[INFORMATION SUPPLIED]

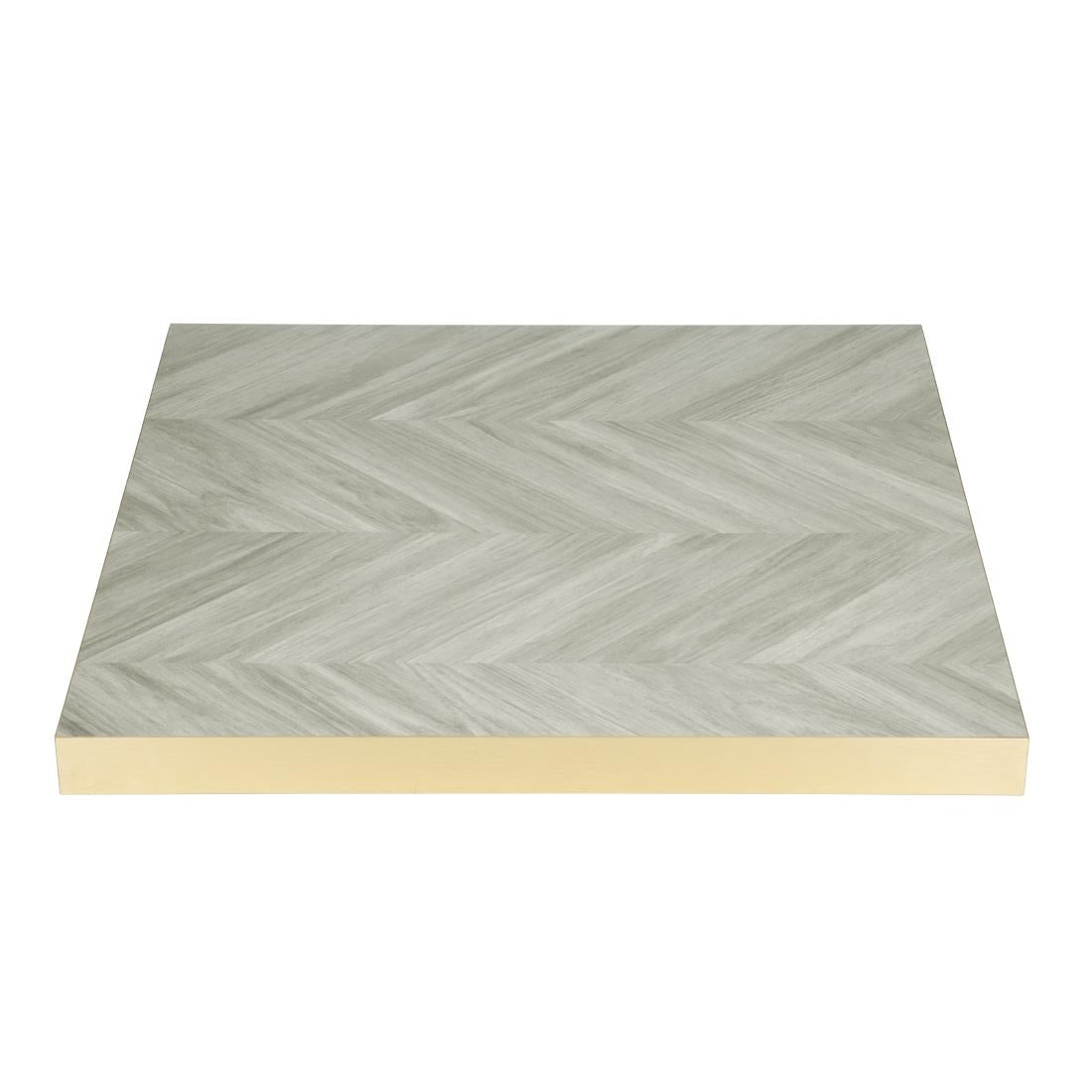 Bolero Pre-Drilled Table Top Chevron Design 700mm - FU512 Stone Effect Table Tops Bolero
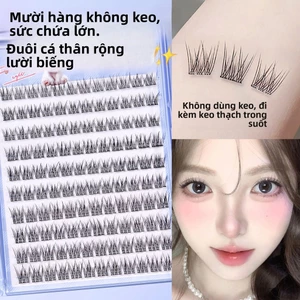 Lông mi giả không cần keo Sách lông mi dung lượng lớn 10 hàng Lông mi giả có thể tháo rời Cụm đơn trên Lông mi dưới Lông mi đẹp Trang điểm làm đẹp
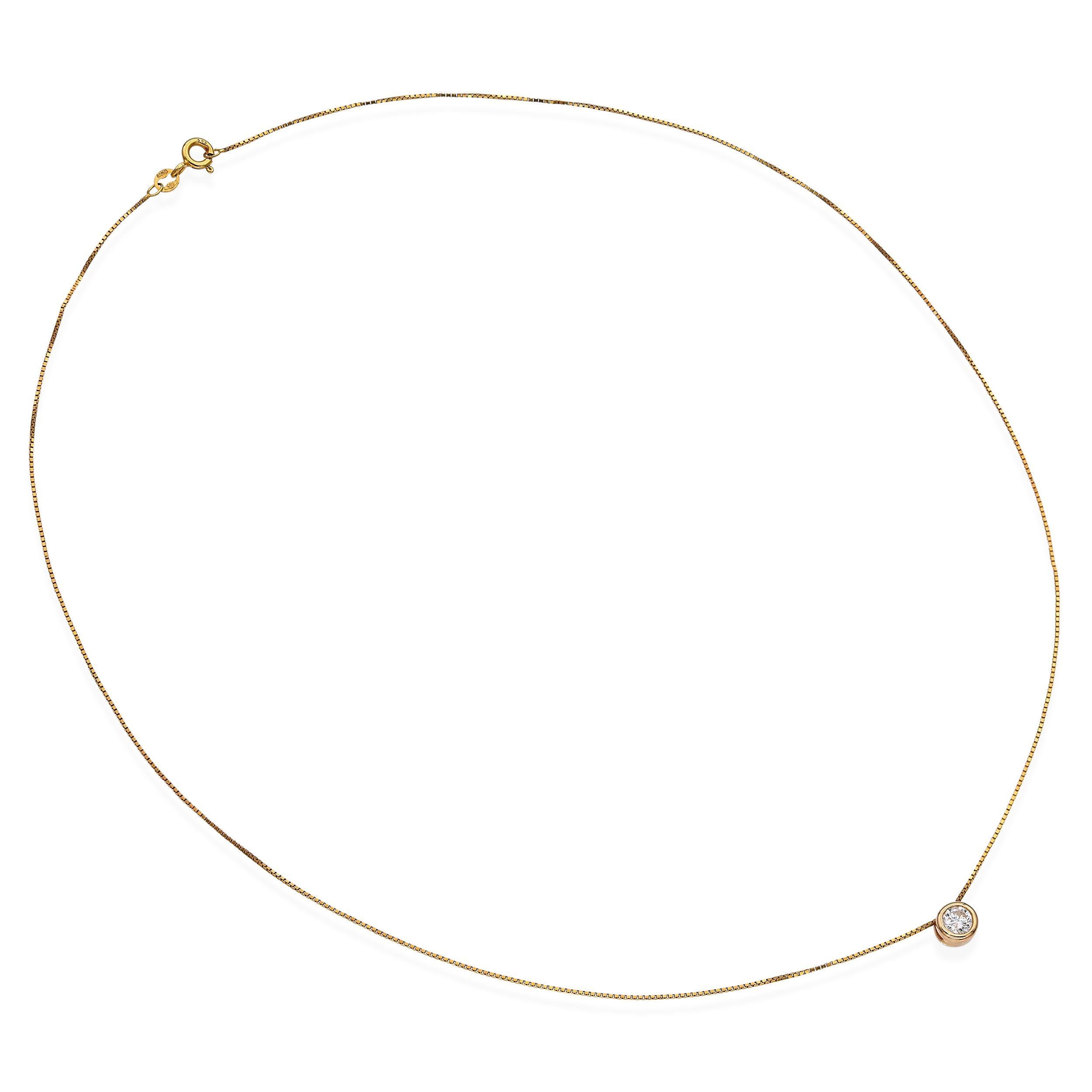 Collana vintage in oro giallo 14k con castone di diamanti da 0,25 carati, con diamanti rotondi taglio brillante per un totale di circa 0,25 carati. Ogni diamante è incastonato in modo sicuro nell'oro giallo 14k lucido, creando un design raffinato ed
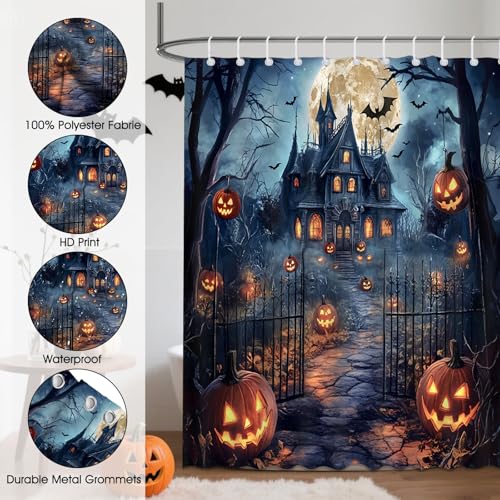 Halloween Castle Shower Curtain - Scary Night Design, 72x72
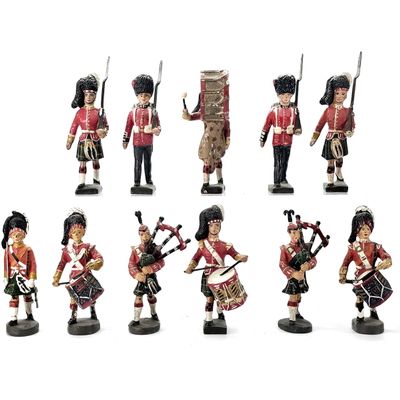 Sale Photo Thumbnail #112: (13) Elastolin/Lineol WWII British Military Band Bagpipes Drums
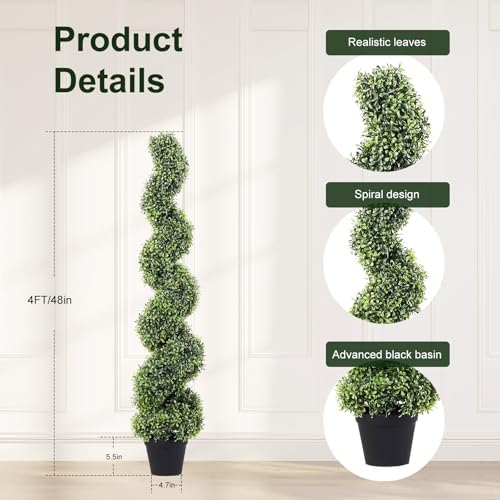 4FT Artificial Boxwood Spiral Topiary Trees Set of 2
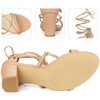 Perphy Women's Open Toe Strappy Bow Strap Lace Up Chunky Heel Sandals - 3 of 4
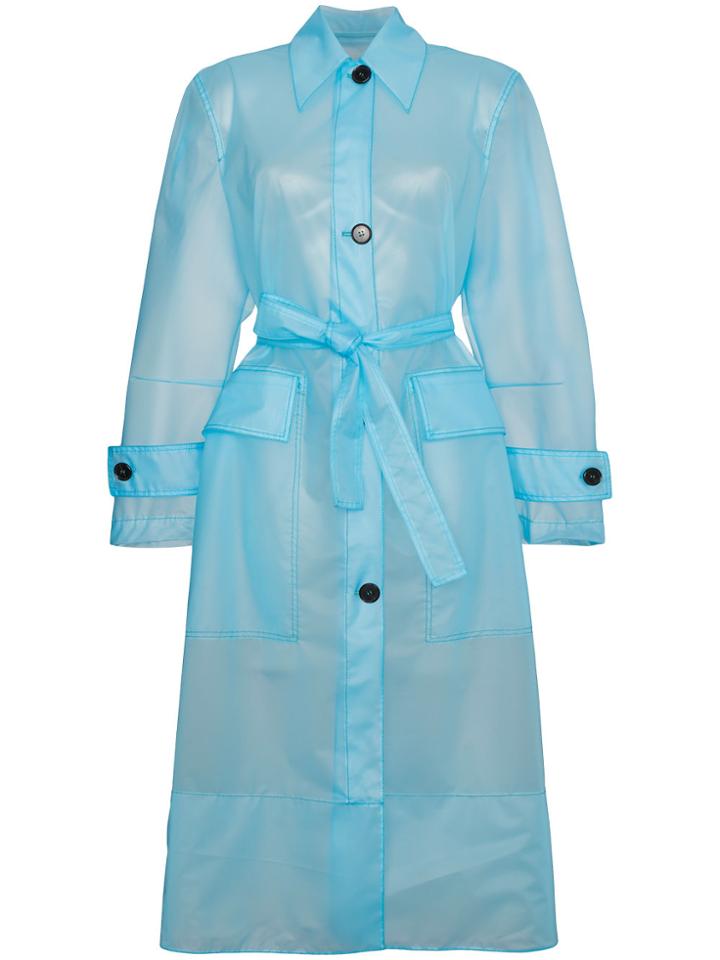 Calvin Klein 205w39nyc Plastic Belted Trench Coat - Blue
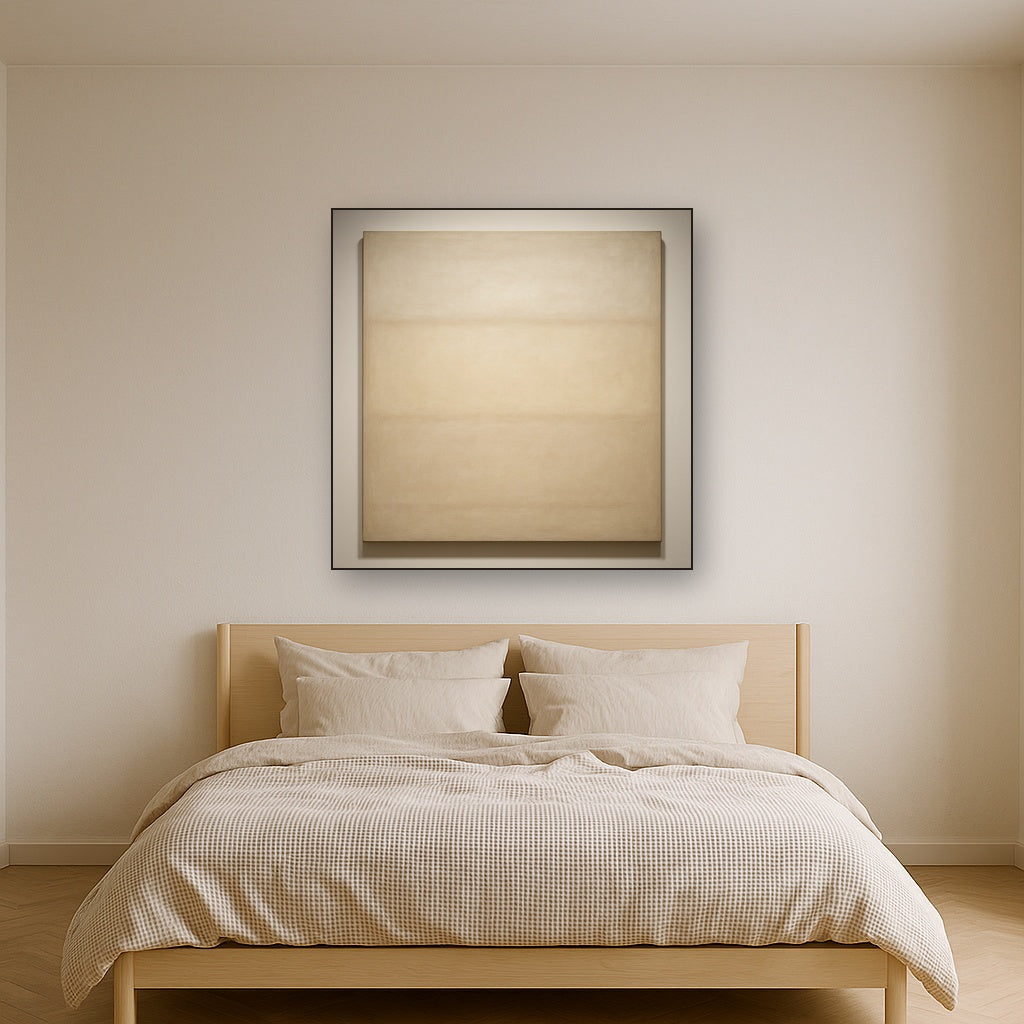 Oatmeal White & Pale Alabaster Monochrome Study No. 28 Oil Painting - View 3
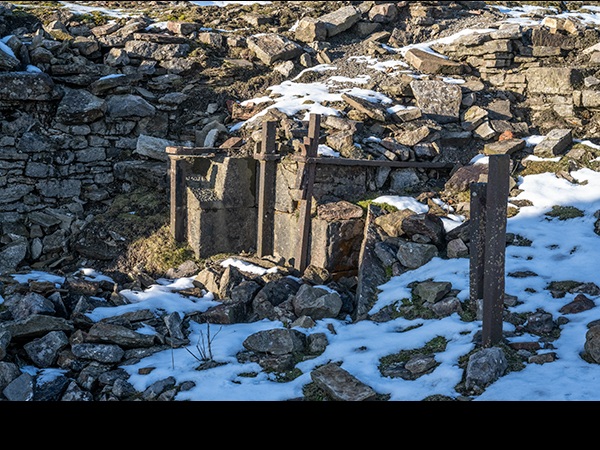 Lecidea lithophila on cast iron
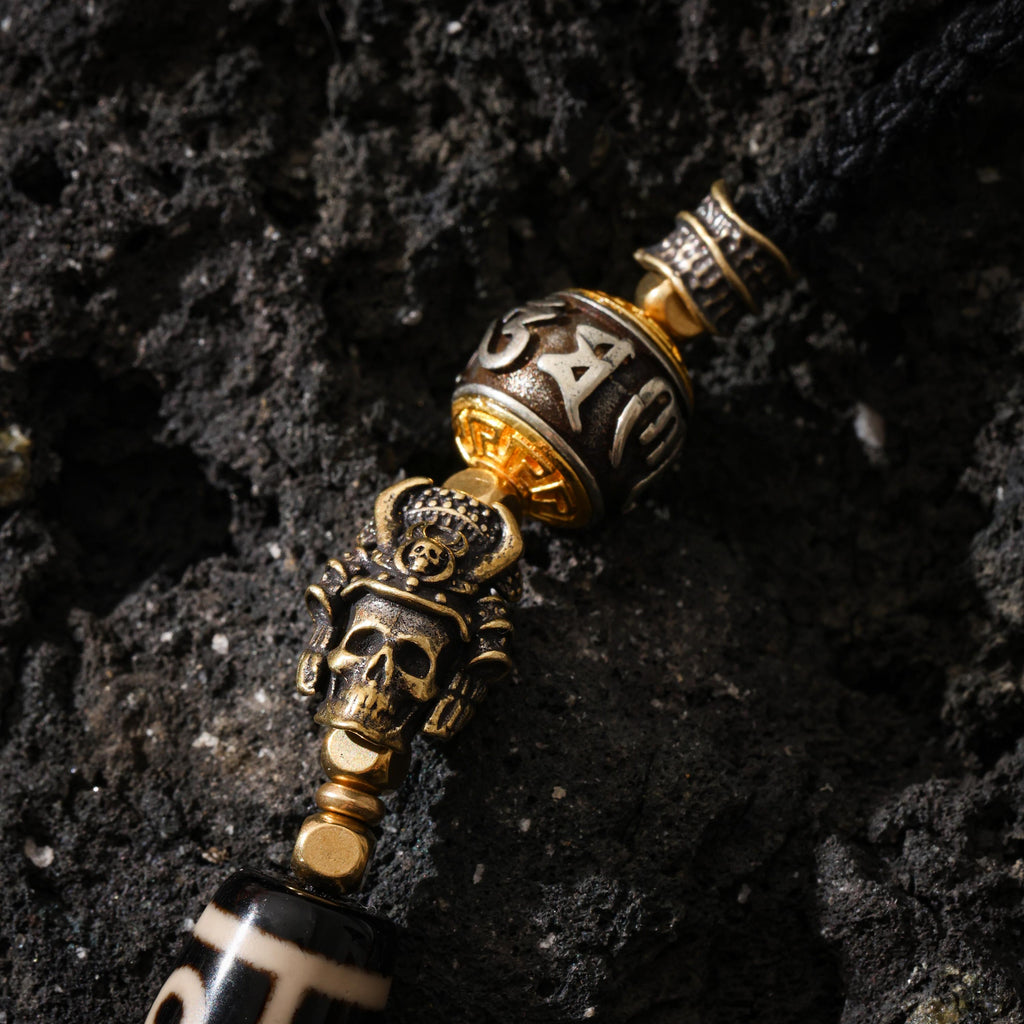 Dzi Necklace Om and Skull Charms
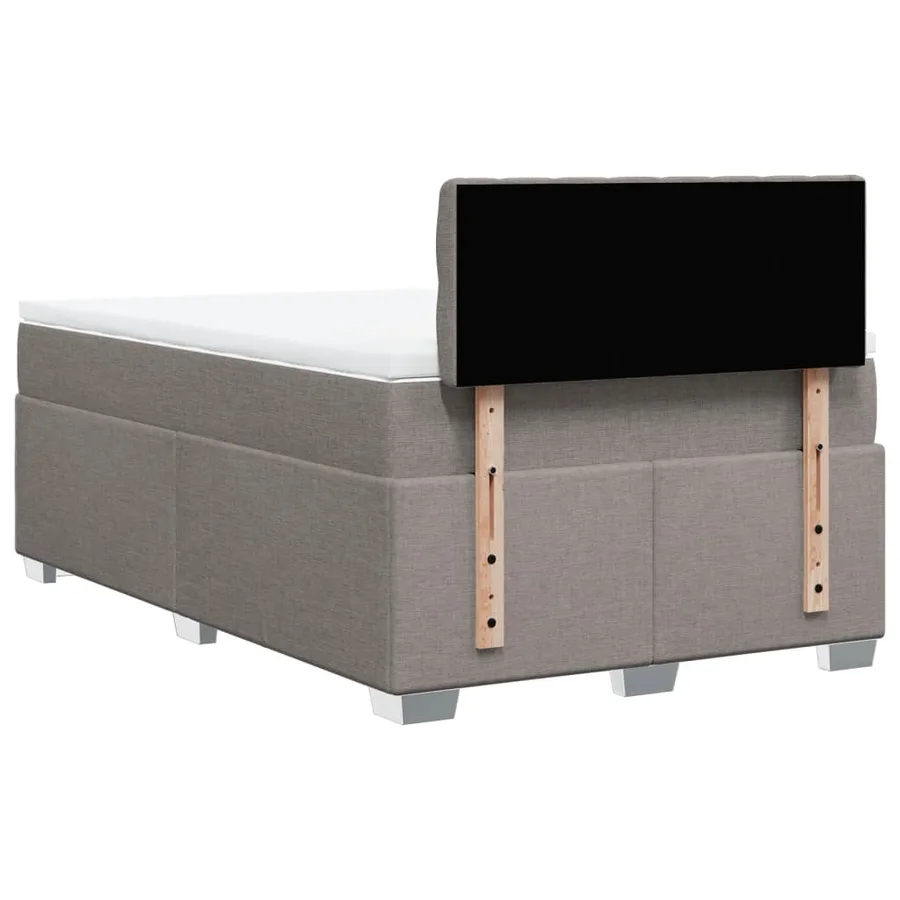 Sommier à lattes de lit avec matelas taupe 120x190 cm tissu - 12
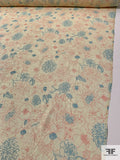 Floral Sketch Printed Silk Chiffon with Gold Lurex Pinstripes - Pale Pastel Yellow / Deep Coral / Turquoise
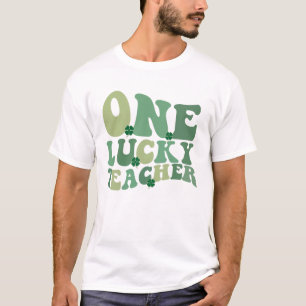 Ein glücklicher Lehrer St. Patricks Day Retro Groo T-Shirt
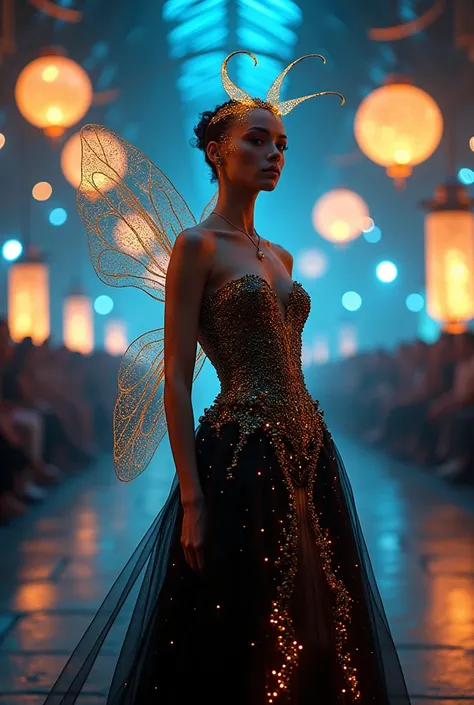 "An ethereal humanoid woman with a firefly’s head, her luminous antennae and glowing accents seamlessly integrated into a couture gown with a dark, starry design and golden highlights. She poses confidently on a runway surrounded by neon lights shaped like...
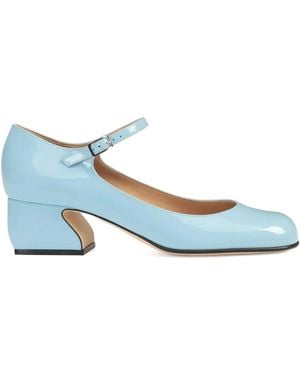 Sergio Rossi 45Mm Si Patent Leather Ankle-Strap Court Shoes - Blue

[/INFORMATION SUPPLIED]

WORK INSTRUCTION:
The copy should hold exactly the lines from the line containing "Floral Sketch Printed" through the end of the data, both ends included, and no pictures.

ANSWER FOR THE TASK:
 Floral Sketch Printed Silk Chiffon with Gold Lurex Pinstripes - Pale Pastel Yellow / Deep Coral / Turquoise
 Ein glücklicher Lehrer St. Patricks Day Retro Groo T-Shirt
 "An ethereal humanoid woman with a firefly’s head, her luminous antennae and glowing accents seamlessly integrated into a couture gown with a dark, starry design and golden highlights. She poses confidently on a runway surrounded by neon lights shaped like...
 Sergio Rossi 45Mm Si Patent Leather Ankle-Strap Court Shoes - Blue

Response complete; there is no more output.